AI Supply Chain

The GCSCC is conducting research into security risks arising from the AI supply chain. This line of research has the objective of generating insights into where risks are most significant, how they may propagate across the ecosystem, and which mitigations are most effective in reducing both organisational and systemic exposure.  

Context:

  • The AI supply chain is multi-layered, encompassing hardware, compute infrastructure, training and inference data, models, deployment environments, and associated tooling.
  • A range of risks have already emerged across this stack, including the distribution of malicious models via open-source platforms (e.g., HuggingFace), attacks on software dependencies (e.g., PyTorch), and malware delivery through “skills” in Agentic ecosystems.
  • An organisation’s exposure to these risks depends on how it adopts AI systems. For example, risks differ significantly between organisations training models on-premises, hosting pre-trained models, or relying on third-party AI APIs.
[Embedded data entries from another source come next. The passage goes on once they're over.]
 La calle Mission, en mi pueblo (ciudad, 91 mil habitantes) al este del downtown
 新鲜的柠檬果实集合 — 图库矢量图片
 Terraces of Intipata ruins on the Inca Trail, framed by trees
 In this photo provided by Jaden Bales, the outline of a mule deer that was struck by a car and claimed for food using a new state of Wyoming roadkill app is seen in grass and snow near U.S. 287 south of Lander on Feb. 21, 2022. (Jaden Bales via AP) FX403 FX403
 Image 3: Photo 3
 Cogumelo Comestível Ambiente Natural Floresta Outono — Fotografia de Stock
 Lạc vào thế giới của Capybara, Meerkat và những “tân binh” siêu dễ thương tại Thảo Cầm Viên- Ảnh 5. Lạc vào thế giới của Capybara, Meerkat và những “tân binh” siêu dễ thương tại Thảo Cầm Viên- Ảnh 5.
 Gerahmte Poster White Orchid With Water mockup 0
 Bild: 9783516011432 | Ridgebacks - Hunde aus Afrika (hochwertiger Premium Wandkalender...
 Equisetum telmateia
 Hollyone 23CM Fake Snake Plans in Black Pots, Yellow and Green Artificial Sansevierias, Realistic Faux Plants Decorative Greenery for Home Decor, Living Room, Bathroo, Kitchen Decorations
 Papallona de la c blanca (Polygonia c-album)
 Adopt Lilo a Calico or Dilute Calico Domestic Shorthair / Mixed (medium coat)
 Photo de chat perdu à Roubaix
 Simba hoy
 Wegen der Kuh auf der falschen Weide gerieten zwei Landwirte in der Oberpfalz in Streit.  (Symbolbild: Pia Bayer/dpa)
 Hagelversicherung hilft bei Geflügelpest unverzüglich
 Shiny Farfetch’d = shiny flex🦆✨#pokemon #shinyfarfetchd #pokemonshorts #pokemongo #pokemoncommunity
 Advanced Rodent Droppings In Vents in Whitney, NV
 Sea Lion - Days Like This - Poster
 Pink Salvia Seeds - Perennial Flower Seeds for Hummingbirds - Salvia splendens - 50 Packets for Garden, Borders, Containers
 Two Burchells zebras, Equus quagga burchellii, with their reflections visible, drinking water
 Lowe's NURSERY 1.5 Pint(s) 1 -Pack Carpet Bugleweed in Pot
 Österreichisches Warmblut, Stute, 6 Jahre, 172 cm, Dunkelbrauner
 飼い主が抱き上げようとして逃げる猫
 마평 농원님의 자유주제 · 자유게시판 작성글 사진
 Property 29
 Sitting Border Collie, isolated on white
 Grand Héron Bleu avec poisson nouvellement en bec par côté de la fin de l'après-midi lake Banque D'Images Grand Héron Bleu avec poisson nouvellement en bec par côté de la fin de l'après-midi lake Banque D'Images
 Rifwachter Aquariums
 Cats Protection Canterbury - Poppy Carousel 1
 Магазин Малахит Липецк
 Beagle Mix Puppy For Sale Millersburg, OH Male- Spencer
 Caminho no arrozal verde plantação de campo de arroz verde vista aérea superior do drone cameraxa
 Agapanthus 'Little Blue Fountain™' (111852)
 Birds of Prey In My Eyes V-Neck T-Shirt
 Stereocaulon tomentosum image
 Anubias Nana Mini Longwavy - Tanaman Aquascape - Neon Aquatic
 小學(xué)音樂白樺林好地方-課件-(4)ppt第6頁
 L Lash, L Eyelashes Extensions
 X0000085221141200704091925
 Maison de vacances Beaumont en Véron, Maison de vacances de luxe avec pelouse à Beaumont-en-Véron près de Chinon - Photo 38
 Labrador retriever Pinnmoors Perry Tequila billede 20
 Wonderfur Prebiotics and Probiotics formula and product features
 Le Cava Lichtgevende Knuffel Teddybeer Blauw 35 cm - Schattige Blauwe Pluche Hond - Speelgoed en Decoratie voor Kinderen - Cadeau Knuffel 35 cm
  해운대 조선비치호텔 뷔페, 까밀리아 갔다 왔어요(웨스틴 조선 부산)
Nonetheless, industry surveys indicate that supply-chain compromise was a common driver of security incidents in 2025.
  • The AI supply chain is also highly concentrated, with a small number of providers dominating key layers of the stack, increasing the potential for systemic risk.

Research Initiatives

1. AI Supply Chain Taxonomy 

In partnership with Plexal, we have been conducting workshop-based research to understand security risks and challenges faced by organisations adopting AI. This work has produced a report that sets out a taxonomy of AI supply chain components, alongside associated security risks and failure points across the stack.

 

Designed to foster a shared understanding of what AI systems are made of, who builds them and how they can be made more resilient, this taxonomy seeks to provide a transparent and common language for the AI supply chain across sectors. While no two AI deployments are the same, this shared language is essential in enabling a precise discussion of risks, dependencies and security challenges across ecosystems. 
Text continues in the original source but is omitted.